Exercise directions: Reproduce the entries beneath exactly, without their images.

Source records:
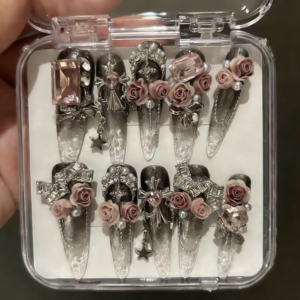 N075 Grey Icy Transparent 3D Rose Rhinestone Long Almond Press-On Nails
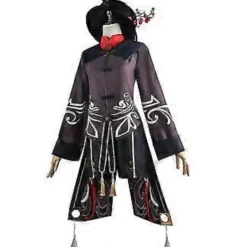 Genshin Impact Hu Tao Cosplay Kostym Outfit Spel Nationell Stil Lång Svans Tofsar Klänning Byxor Uniform Set Halloween -NMAOV( 2XL)> Dräkter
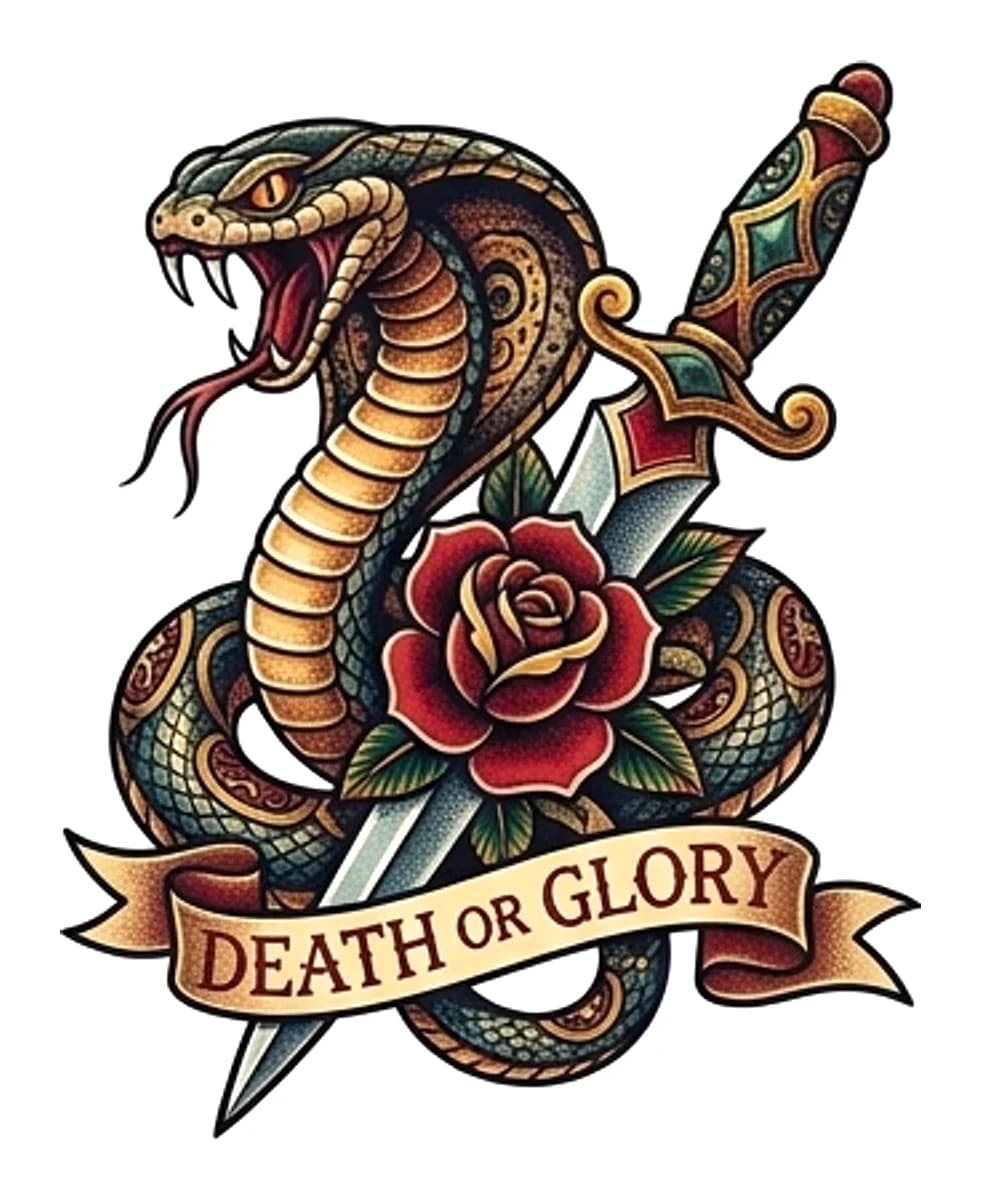 Neo-traditional cobra snake coiled around a ornate dagger through a red rose with a Death or Glory banner.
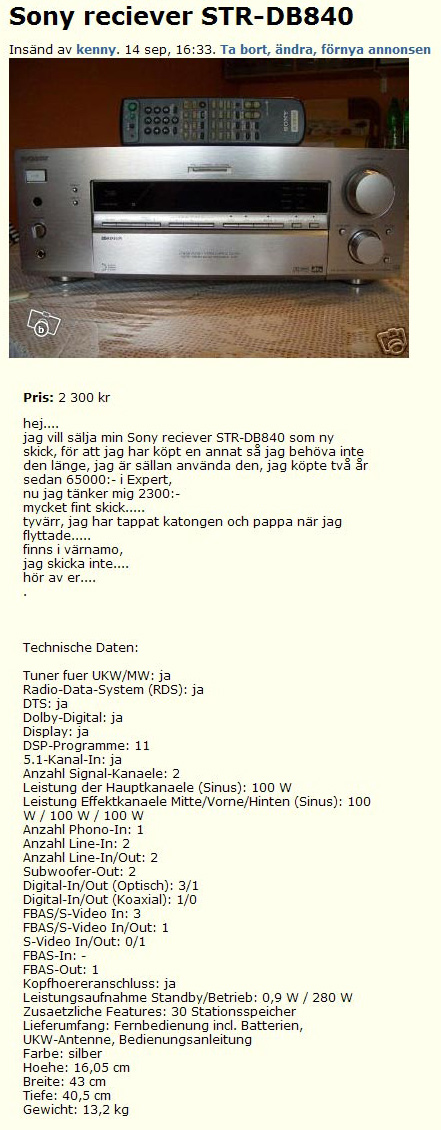 Sony reciever STR-DB840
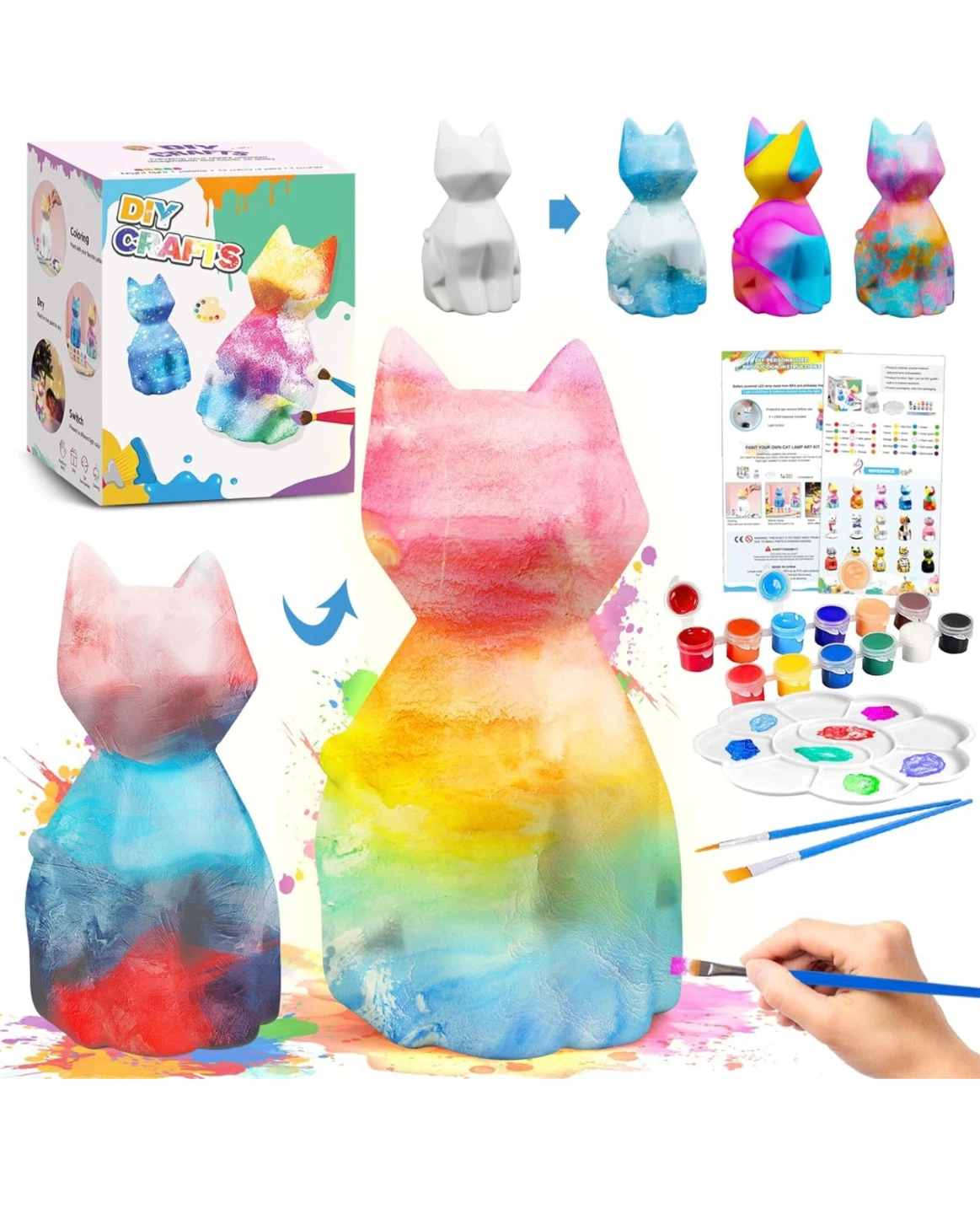 DIY Paint Your Own Cat Lamp Art Kit, brand new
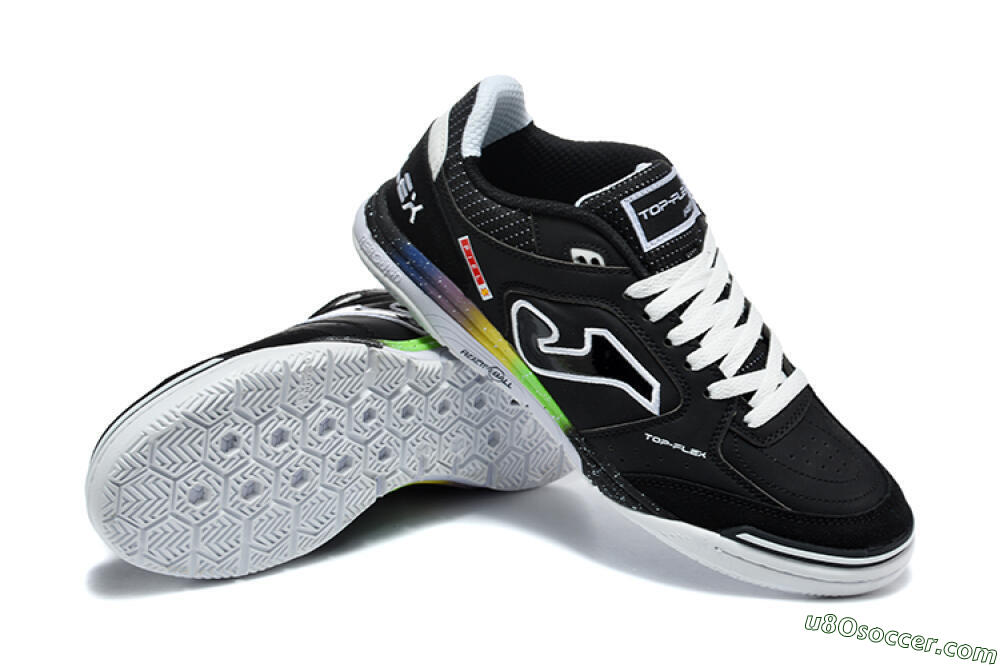 Joma Top Flex IC Indoor & Futsal Soccer Shoes - Black/Black/Multicolor 4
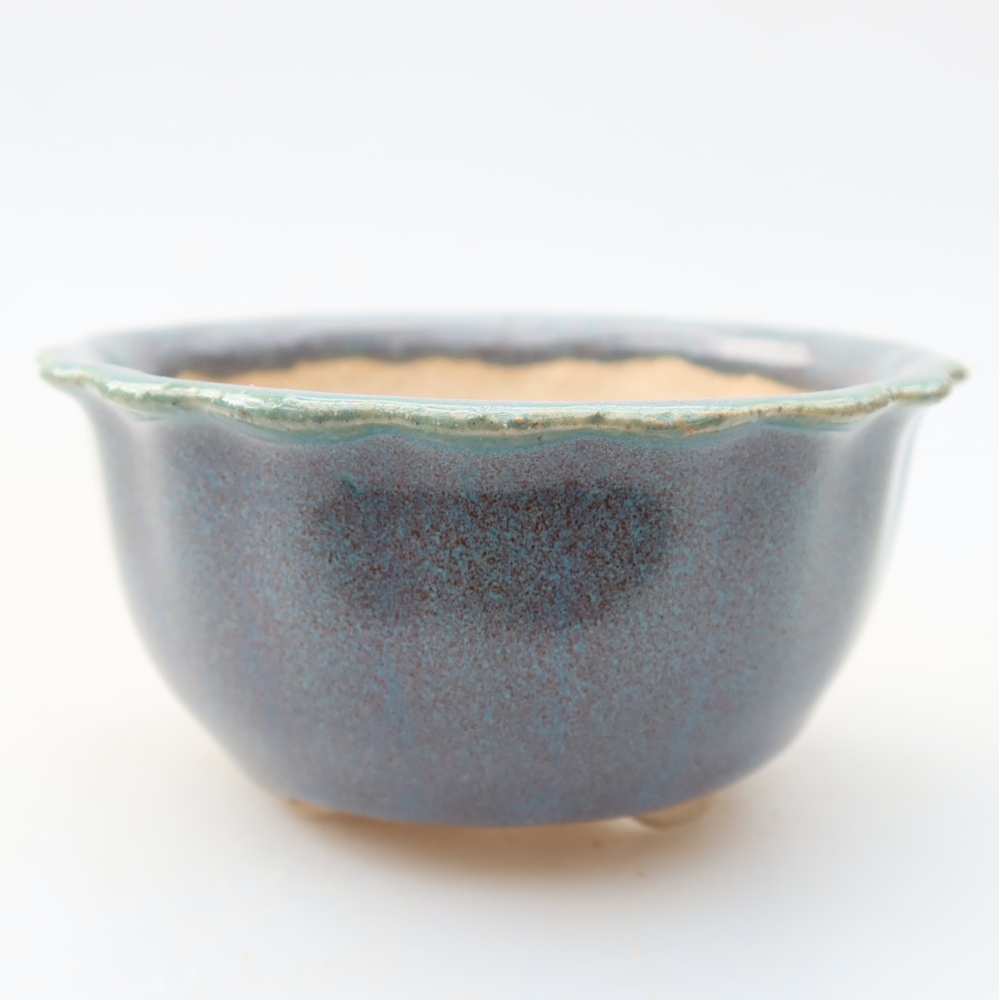 Keramische bonsaischaal 7 x 7 x 3,5 cm, kleur grijs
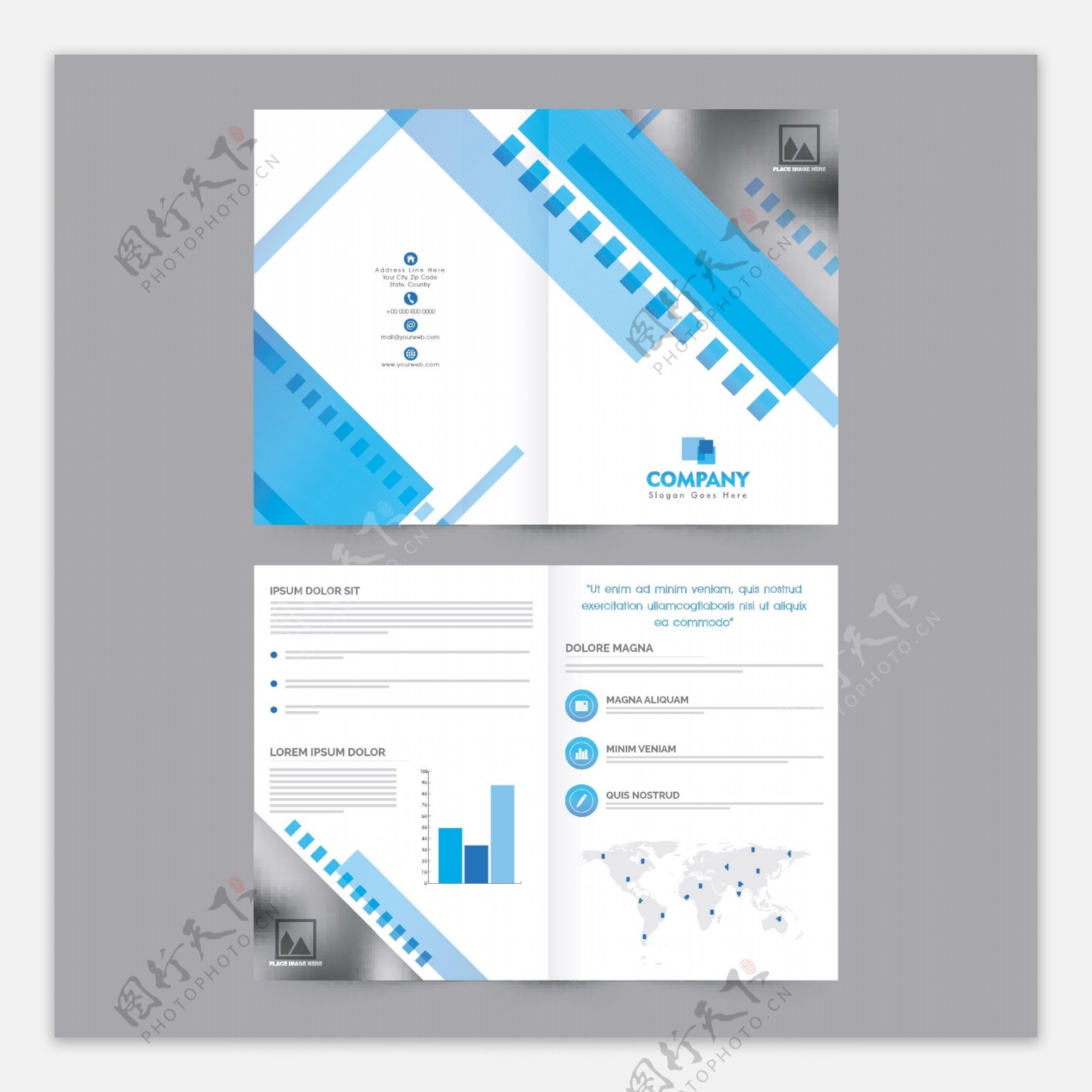 四页商业小册子模板设计与空间添加您的图片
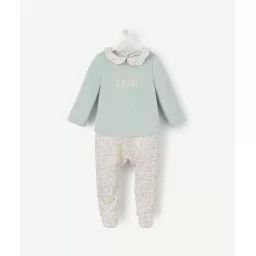 Dors bien vert avec imprimé fleuri en coton biologique bébé –  – Soldes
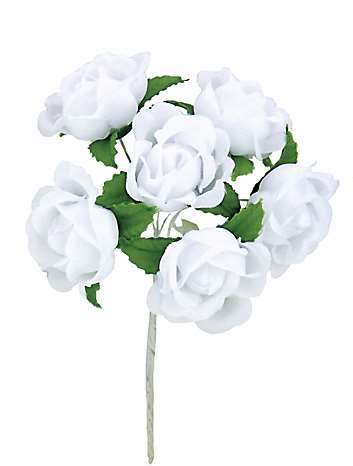 【メール便 対応】 エルアーツ ミニローズ(6本束) ホワイト WHITE E1025-01 4534142102514 造花 アーティフィシャルフラワー 花材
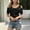 Black, variant on Women's Solid Color Off Shoulder Twist Crop Top – Ribbed Knit Short Sleeve, Button Front Slim Fit Summer Blouse Black,XXL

Worked solution:
 N075 Grey Icy Transparent 3D Rose Rhinestone Long Almond Press-On Nails
 Genshin Impact Hu Tao Cosplay Kostym Outfit Spel Nationell Stil Lång Svans Tofsar Klänning Byxor Uniform Set Halloween -NMAOV( 2XL)> Dräkter
 Neo-traditional cobra snake coiled around a ornate dagger through a red rose with a Death or Glory banner.
 Sony reciever STR-DB840
 DIY Paint Your Own Cat Lamp Art Kit, brand new
 Joma Top Flex IC Indoor & Futsal Soccer Shoes - Black/Black/Multicolor 4
 Keramische bonsaischaal 7 x 7 x 3,5 cm, kleur grijs
 四页商业小册子模板设计与空间添加您的图片
 Dors bien vert avec imprimé fleuri en coton biologique bébé –  – Soldes
 【メール便 対応】 エルアーツ ミニローズ(6本束) ホワイト WHITE E1025-01 4534142102514 造花 アーティフィシャルフラワー 花材
 Black, variant on Women's Solid Color Off Shoulder Twist Crop Top – Ribbed Knit Short Sleeve, Button Front Slim Fit Summer Blouse Black,XXL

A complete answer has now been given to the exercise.